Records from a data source
▬▬▬

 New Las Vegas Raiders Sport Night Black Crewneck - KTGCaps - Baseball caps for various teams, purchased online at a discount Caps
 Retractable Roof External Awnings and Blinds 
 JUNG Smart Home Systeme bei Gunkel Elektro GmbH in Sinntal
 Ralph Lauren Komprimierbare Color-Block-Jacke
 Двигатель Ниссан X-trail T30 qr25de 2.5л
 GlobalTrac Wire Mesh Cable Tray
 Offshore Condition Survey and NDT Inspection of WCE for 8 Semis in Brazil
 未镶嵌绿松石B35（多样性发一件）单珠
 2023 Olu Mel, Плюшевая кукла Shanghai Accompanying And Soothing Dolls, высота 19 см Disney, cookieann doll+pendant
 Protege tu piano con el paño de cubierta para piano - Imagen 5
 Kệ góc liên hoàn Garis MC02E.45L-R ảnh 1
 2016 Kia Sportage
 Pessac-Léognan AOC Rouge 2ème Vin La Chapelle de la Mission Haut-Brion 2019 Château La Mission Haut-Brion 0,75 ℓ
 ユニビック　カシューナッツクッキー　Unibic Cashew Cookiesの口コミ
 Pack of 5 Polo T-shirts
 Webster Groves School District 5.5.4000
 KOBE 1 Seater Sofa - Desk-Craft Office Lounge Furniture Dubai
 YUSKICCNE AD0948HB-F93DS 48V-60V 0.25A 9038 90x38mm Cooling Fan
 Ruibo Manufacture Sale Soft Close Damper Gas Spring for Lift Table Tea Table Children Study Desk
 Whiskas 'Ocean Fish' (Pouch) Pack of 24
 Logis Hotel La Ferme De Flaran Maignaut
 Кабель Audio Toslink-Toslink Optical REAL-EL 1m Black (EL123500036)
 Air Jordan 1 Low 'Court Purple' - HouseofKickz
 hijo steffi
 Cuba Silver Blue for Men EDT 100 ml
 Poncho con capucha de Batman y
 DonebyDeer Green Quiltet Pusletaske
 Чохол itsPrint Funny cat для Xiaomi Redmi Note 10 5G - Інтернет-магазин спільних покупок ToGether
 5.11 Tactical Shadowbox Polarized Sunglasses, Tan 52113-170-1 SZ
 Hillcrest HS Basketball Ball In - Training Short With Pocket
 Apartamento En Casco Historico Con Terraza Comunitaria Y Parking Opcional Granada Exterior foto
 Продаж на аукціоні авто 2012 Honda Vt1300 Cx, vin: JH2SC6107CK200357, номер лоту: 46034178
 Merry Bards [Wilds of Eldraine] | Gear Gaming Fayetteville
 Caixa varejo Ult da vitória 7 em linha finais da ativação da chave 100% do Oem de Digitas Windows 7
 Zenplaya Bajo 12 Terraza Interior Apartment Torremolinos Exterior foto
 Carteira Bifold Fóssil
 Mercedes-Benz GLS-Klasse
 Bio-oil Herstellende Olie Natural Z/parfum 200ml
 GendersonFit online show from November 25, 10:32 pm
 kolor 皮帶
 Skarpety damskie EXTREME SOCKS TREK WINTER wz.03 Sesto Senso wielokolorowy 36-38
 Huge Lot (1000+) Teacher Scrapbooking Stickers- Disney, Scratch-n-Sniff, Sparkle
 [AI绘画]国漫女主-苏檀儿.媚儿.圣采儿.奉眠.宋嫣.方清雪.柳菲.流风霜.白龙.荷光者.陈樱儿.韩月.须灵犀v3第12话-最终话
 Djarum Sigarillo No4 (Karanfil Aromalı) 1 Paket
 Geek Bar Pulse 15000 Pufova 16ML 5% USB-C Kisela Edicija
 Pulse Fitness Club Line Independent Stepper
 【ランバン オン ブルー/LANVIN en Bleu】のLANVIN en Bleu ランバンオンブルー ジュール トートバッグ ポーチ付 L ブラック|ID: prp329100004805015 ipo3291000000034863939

▬▬▬

● WHAT IS NEEDED: Give the number of lines above that include "Disney". Write nothing else.

● RESPONSE BELOW: 2